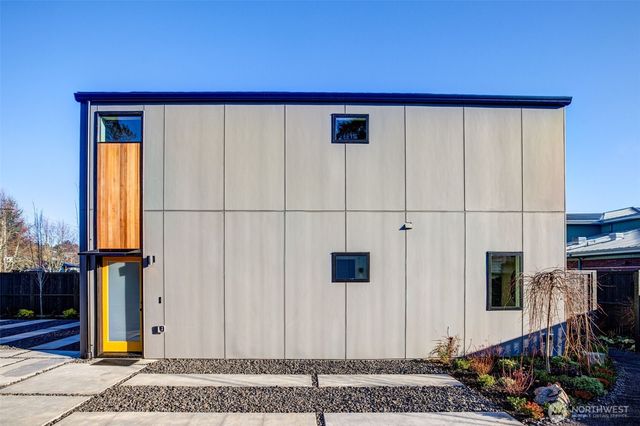 4411 S Holly Street, Seattle, WA 98118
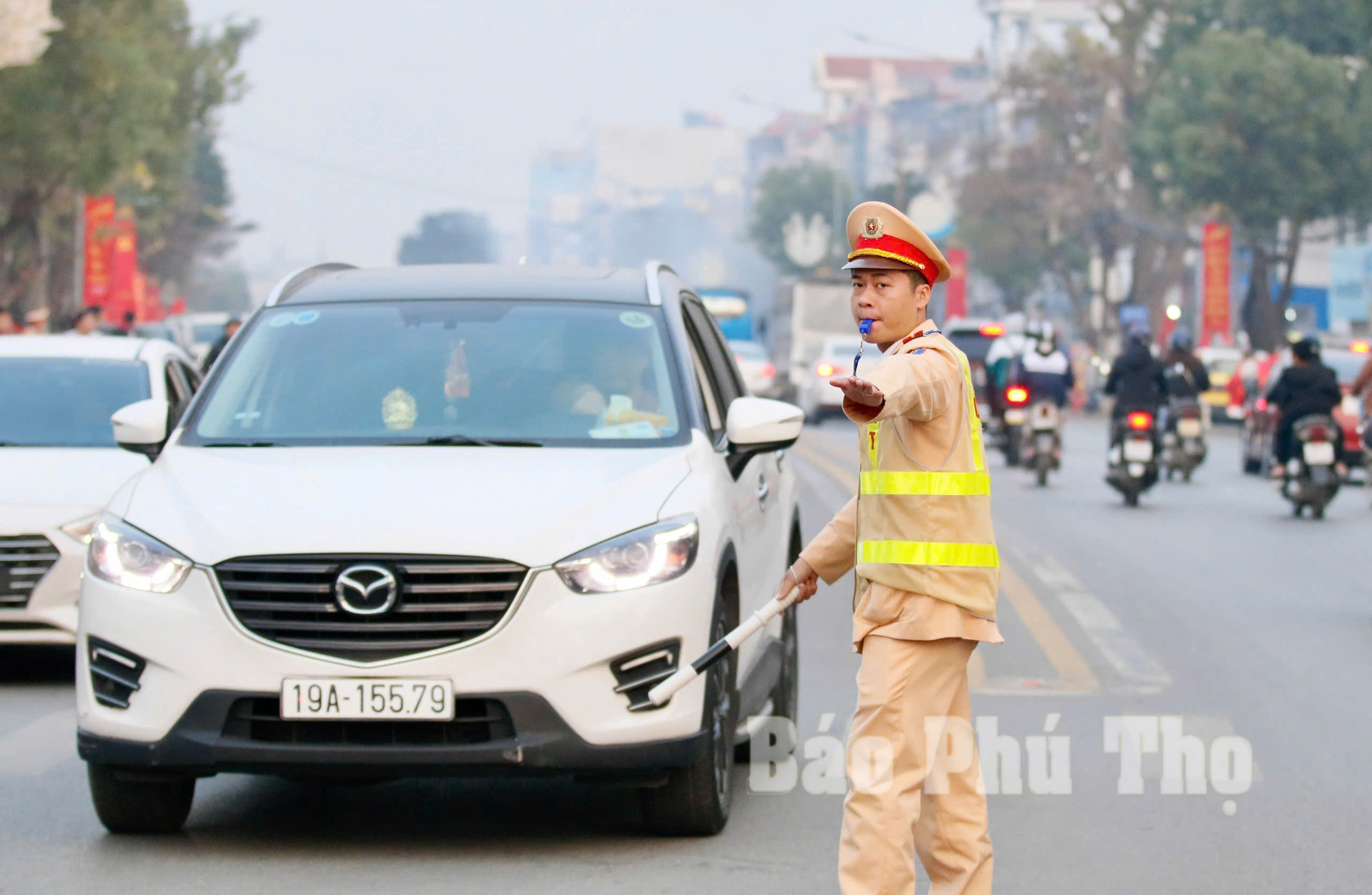 Tưng bừng ngày hội bóng đá trên Đất Tổ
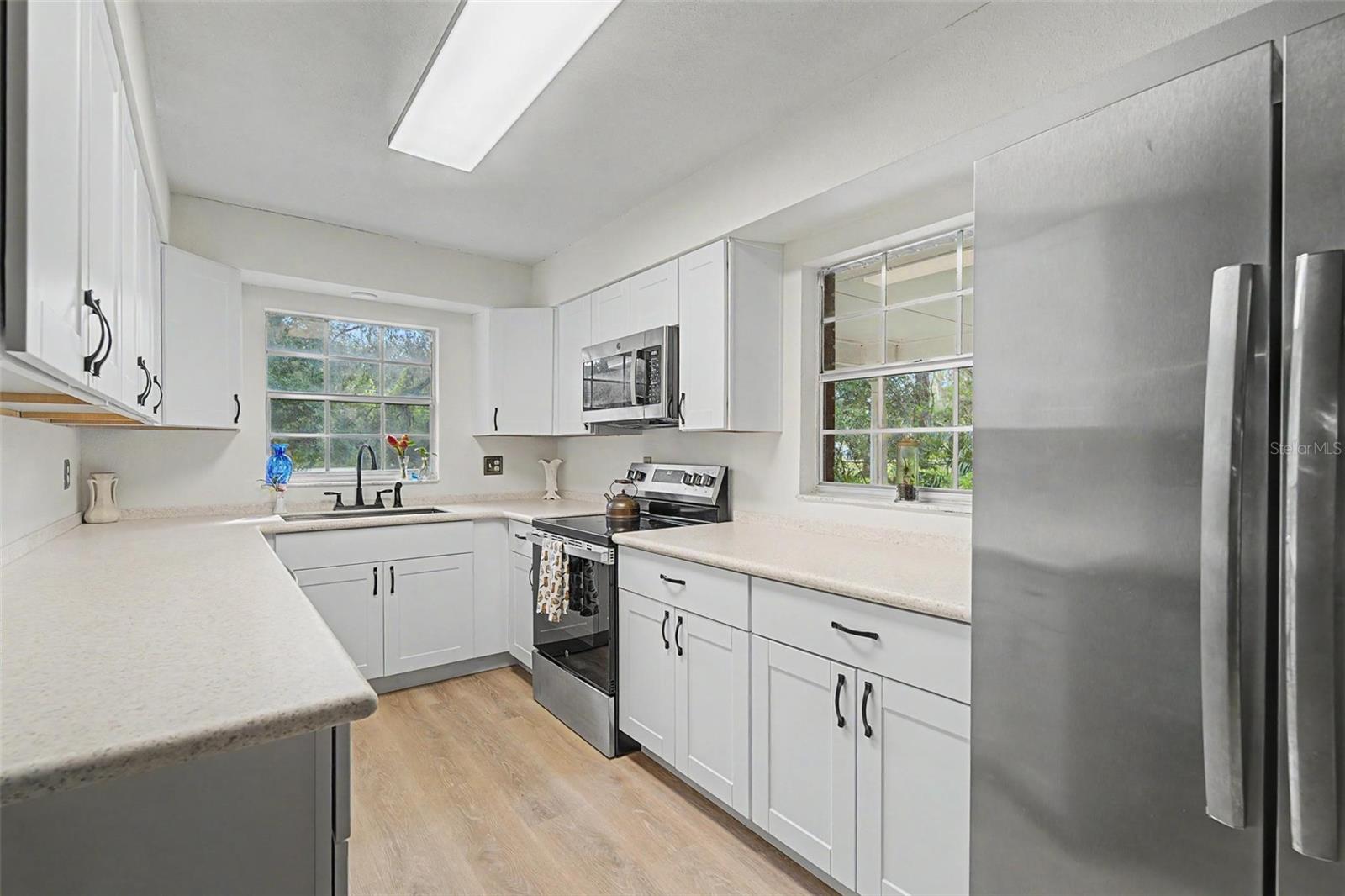 3621 OAKWOOD DR — photo 10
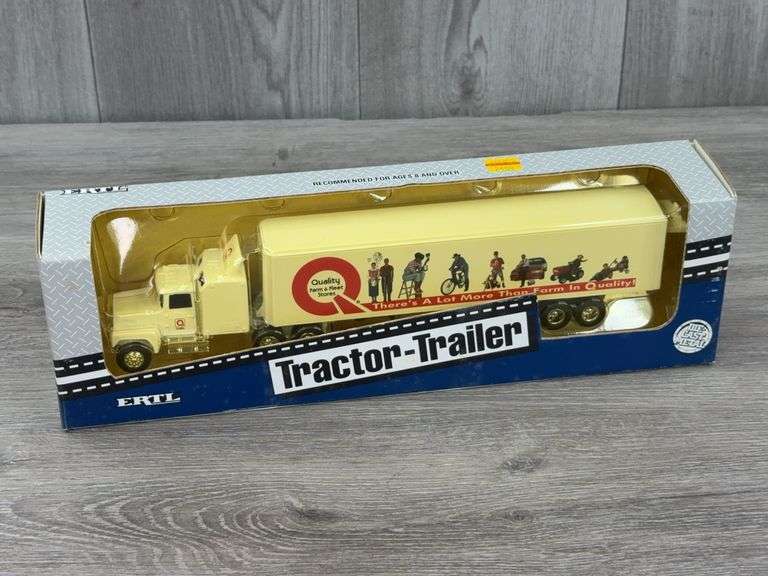 Quality Farm Fleet Tractor-Trailer, 1/64, Ertl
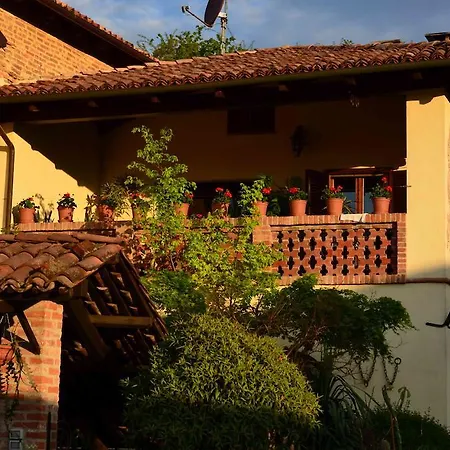 La Corte Di Gerardo *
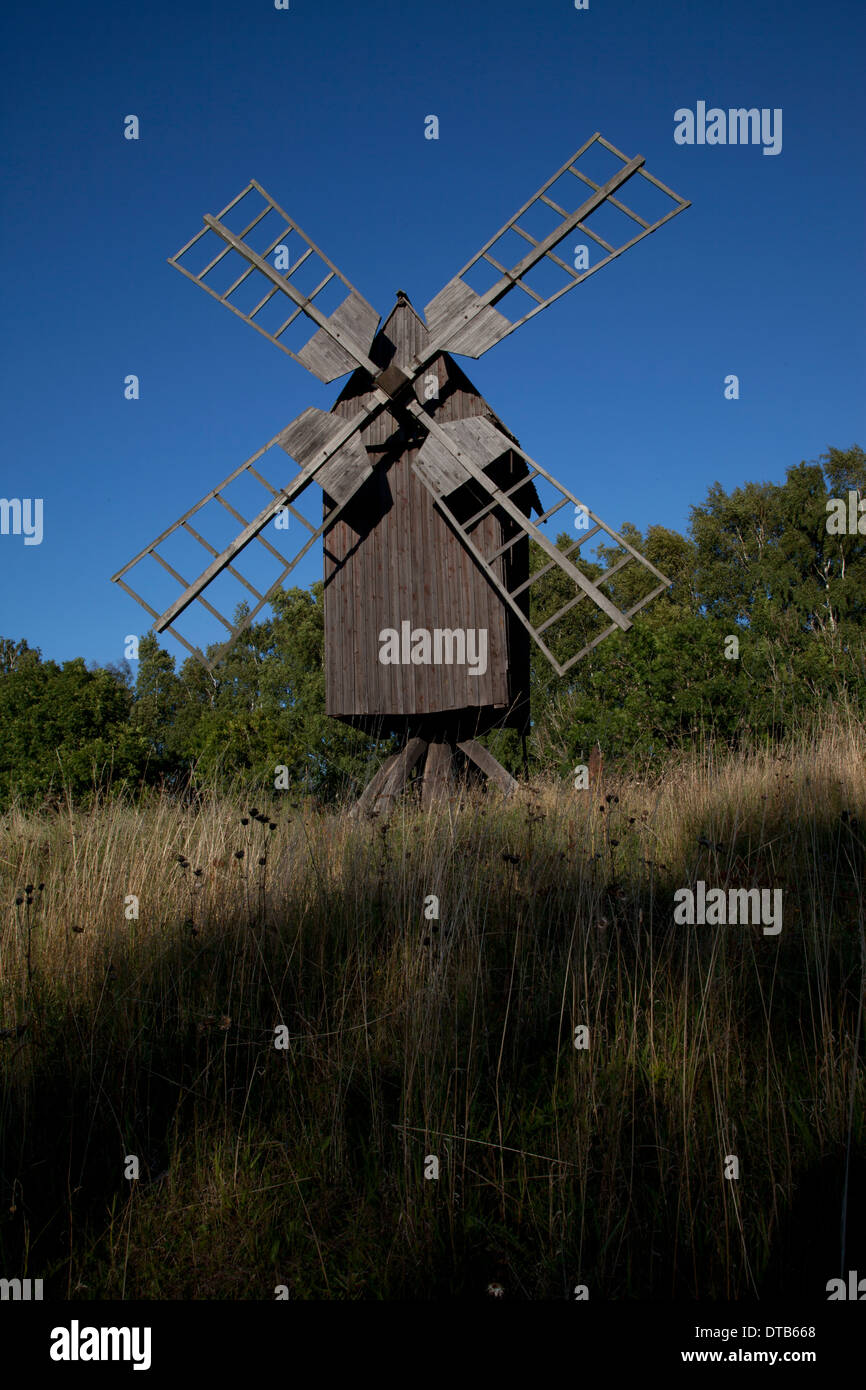 Alte Windmühle und Grass Feld, Öland, Schweden Stockfoto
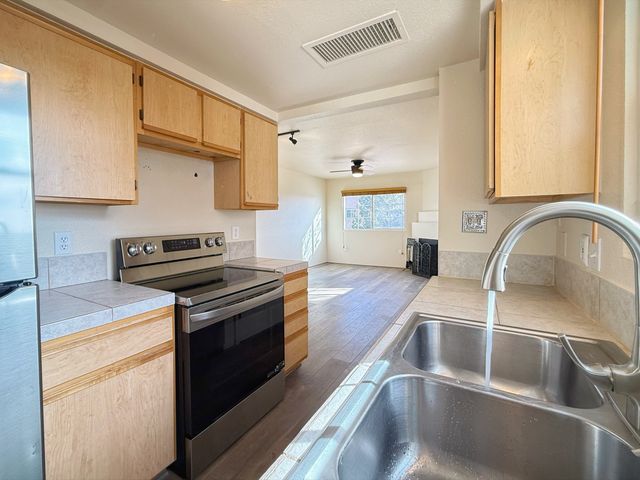 2210 MIGUEL CHAVEZ RD 815, Santa Fe, NM 87505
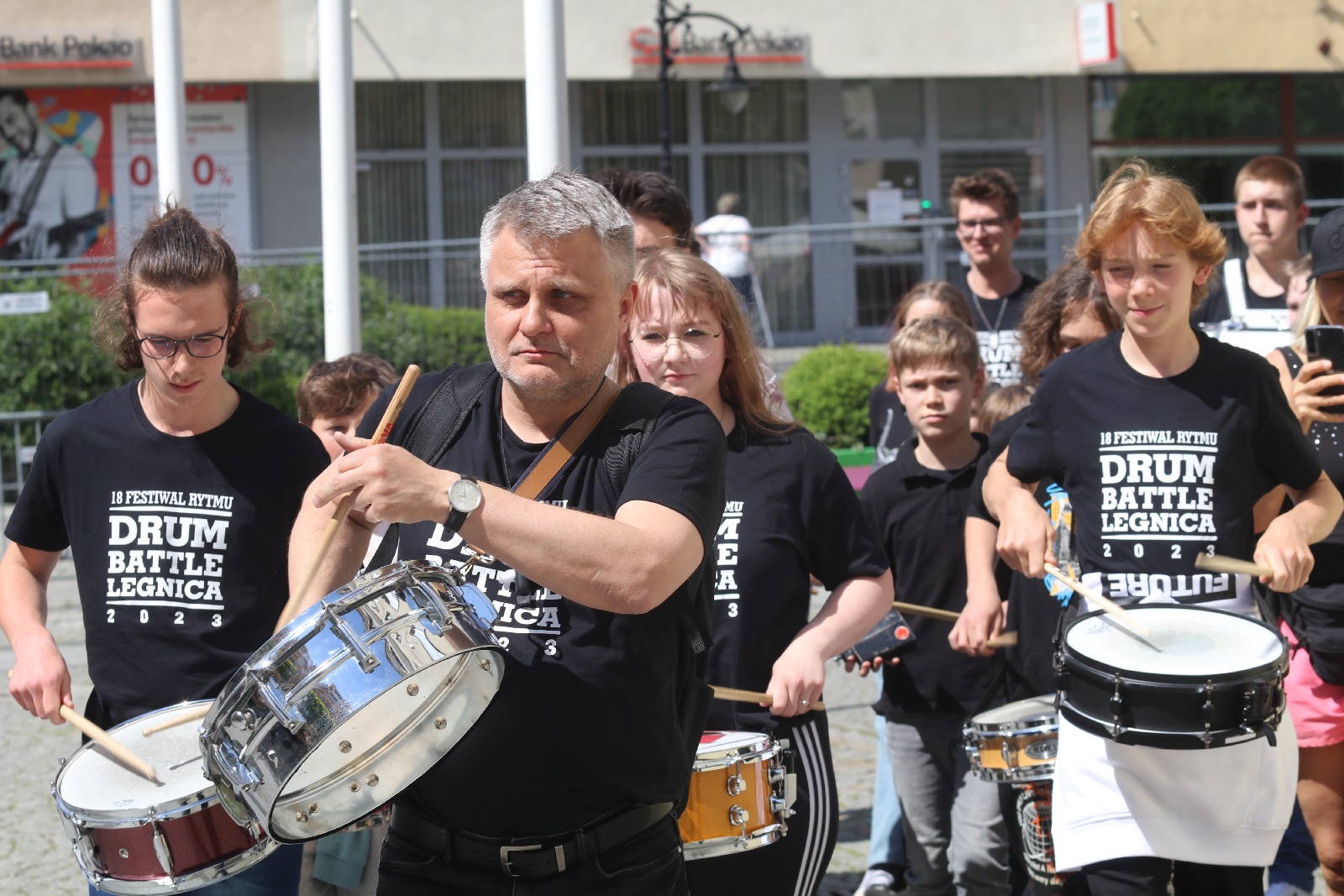 Parada perkusyjna pod wodzą Jacka Muzioła przeszła przez Legnicę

※ ※ ※

§ Instructions for the task
When you transcribe the lines above, keep every word exact but leave the pictures behind.

§ Task answer
 4411 S Holly Street, Seattle, WA 98118
 Tưng bừng ngày hội bóng đá trên Đất Tổ
 3621 OAKWOOD DR — photo 10
 Quality Farm Fleet Tractor-Trailer, 1/64, Ertl
 La Corte Di Gerardo *
 Alte Windmühle und Grass Feld, Öland, Schweden Stockfoto
 2210 MIGUEL CHAVEZ RD 815, Santa Fe, NM 87505
 Parada perkusyjna pod wodzą Jacka Muzioła przeszła przez Legnicę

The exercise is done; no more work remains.